As far as i know there were no other rabbits. My aunt just said it could possibly mean she had babies. I don;t know if any shelter will take her in. I know it cost around 130 for a spay, i just ready do not have the money to spend for that. She is too skinny, and i felt her belly and i didn't feel anything.


----------



## rabbitlovinkippy5 (Jan 20, 2008)

here are some pictures of her



http://www.goosemoose.com/component/option,com_copperminevis/Itemid,210/place,displayimage/album,lastup/cat,23957/pos,4/

http://www.goosemoose.com/component/option,com_copperminevis/Itemid,210/place,displayimage/album,lastup/cat,23957/pos,3/


----------



## Haley (Jan 20, 2008)

aww she is so pretty! I really hope we can help find her a home.

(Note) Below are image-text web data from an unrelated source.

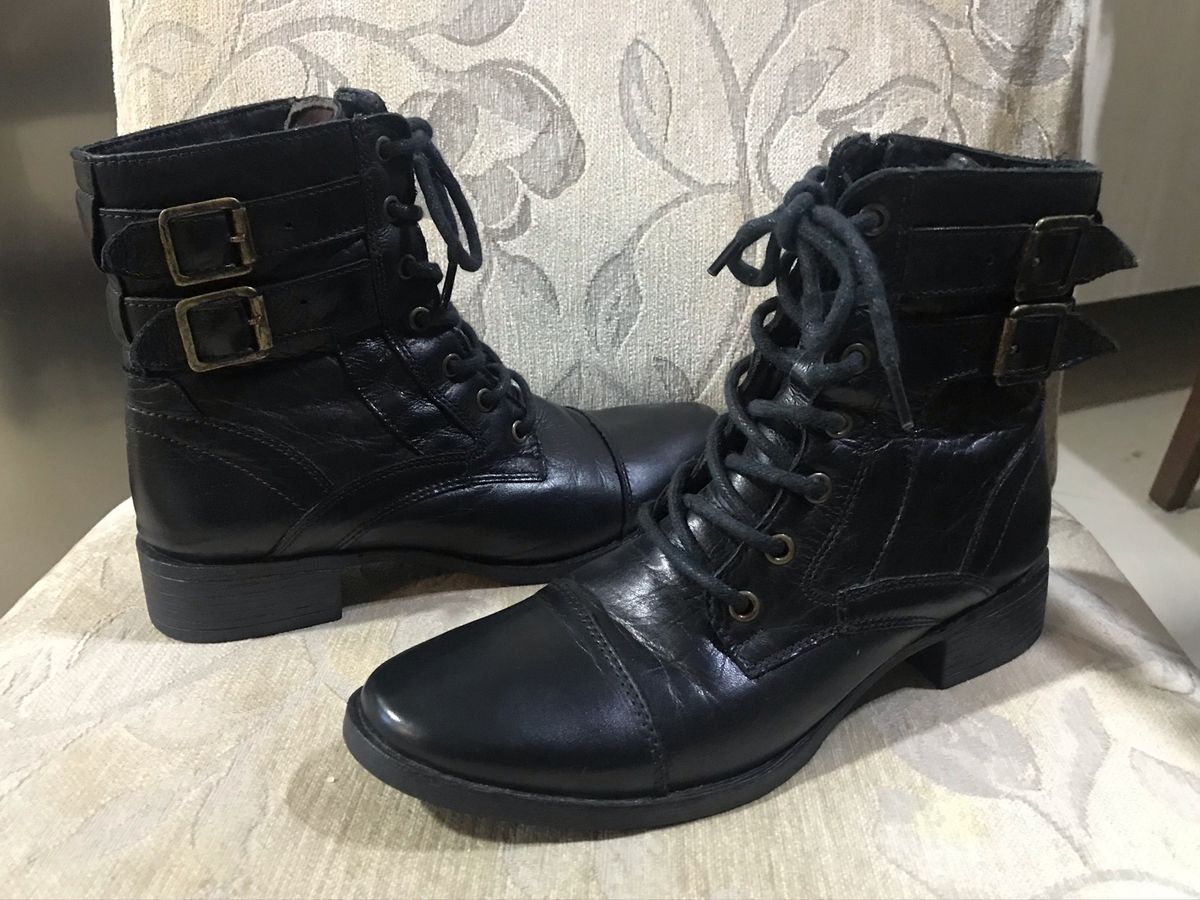 coturno em couro legitimo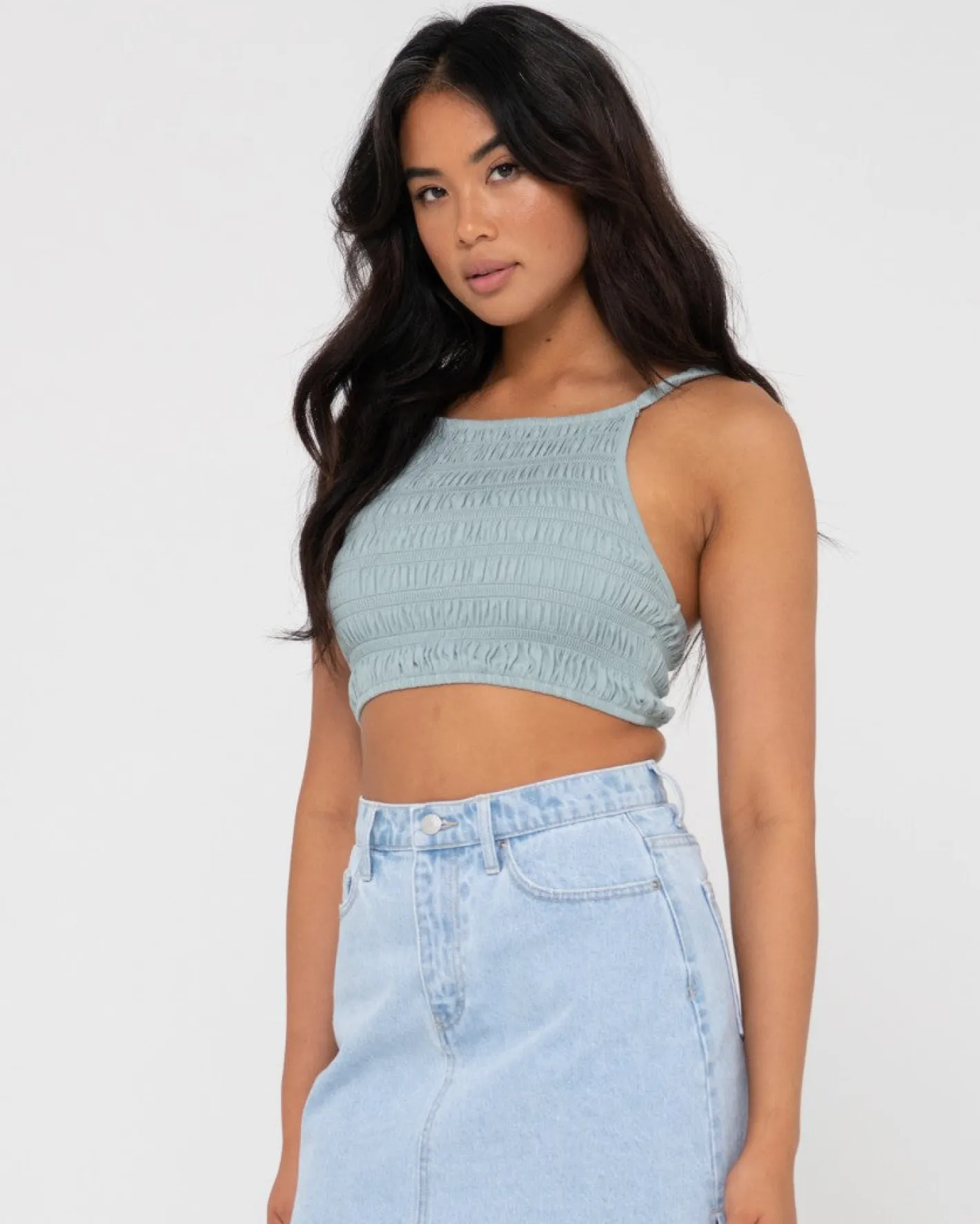 Hot Danielle Shirring Crop Top Womens Fashion Tops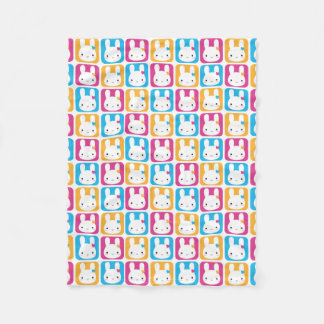 Kawaii Bunny Squares Fleece Blanket
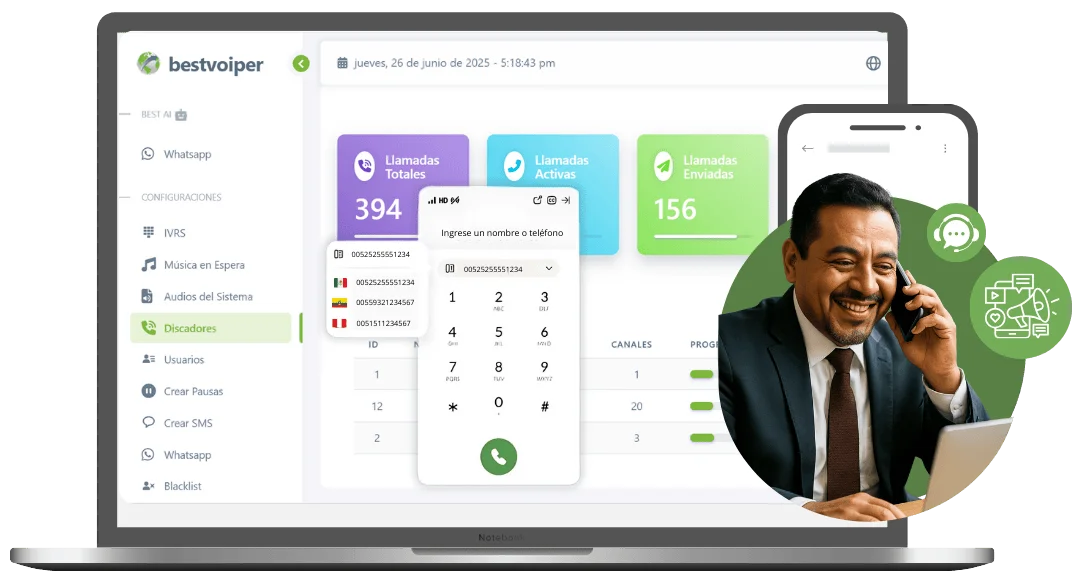 empresario mexicano hablando por telefono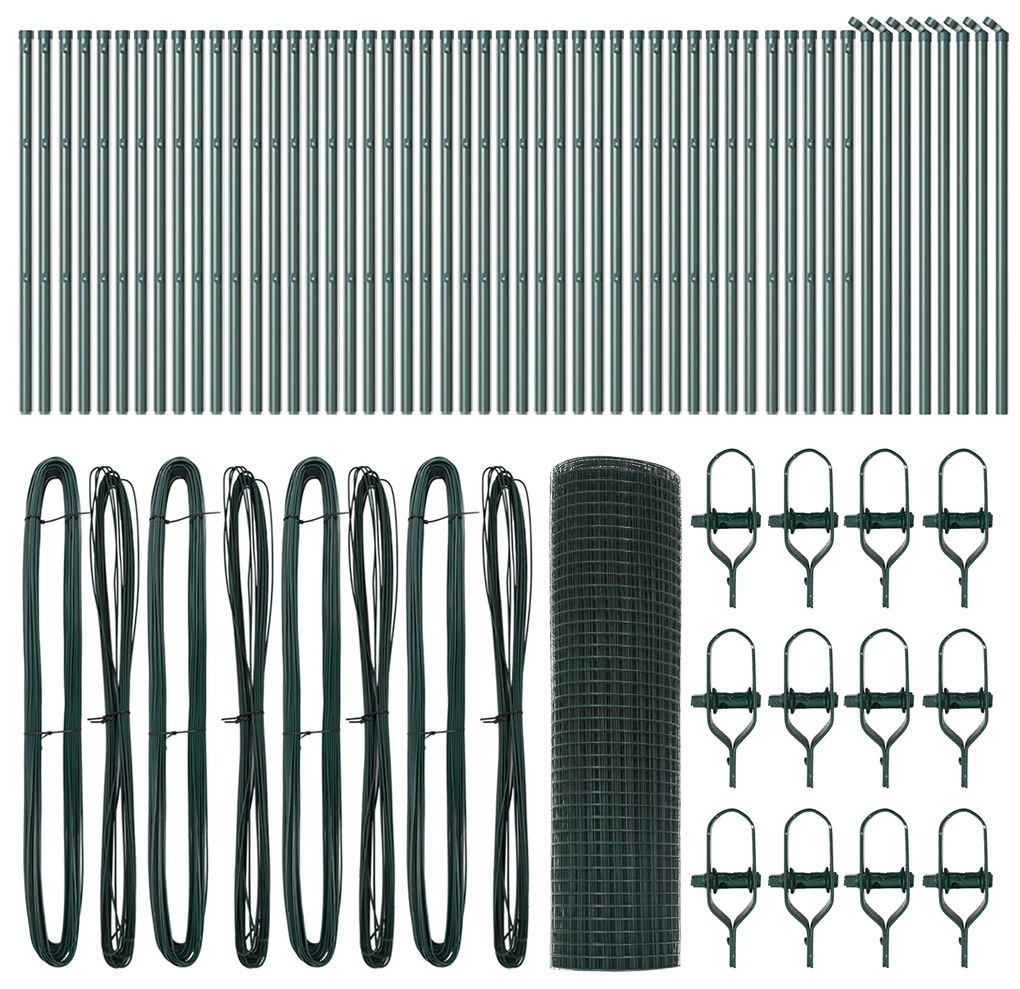 Cerca de Arame Soldado com 13 Postes Verde 0.4x100 m Aço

I see in your profile you have a male rabbit, have you ever thought of bonding them nd keeping her?


----------



## rabbitlovinkippy5 (Jan 20, 2008)

No, i can't keep her. I have a female 10 year old Dutch who doesn't really like other rabbits too much. My other female snickers past away over a year ago, they never live togther but would have play time. They just never got along inside the cage. HOpscotch really doesn;'t want others in her space. I have 11 rats, 3 mice,2 fish tanks, 3 cats and the rabbit. I don't really have the time to give her everything she needs for another 10-15 years. IM about to turn 20 and have been in a long term relationship for 4 years, i getting close to the age of getting ready to have a family. She should have a nice loving home with some who will love her till she is old.

Kaytie


----------



## Haley (Jun 11, 2008)

Hi Kaytie, just wondering if you ever found this girl a home? I hope so!


----------



## rabbitlovinkippy5 (Jun 12, 2008)

yeah i did. months ago. It was hard to see her go but she went to a family with 3 boys who loved her.


----------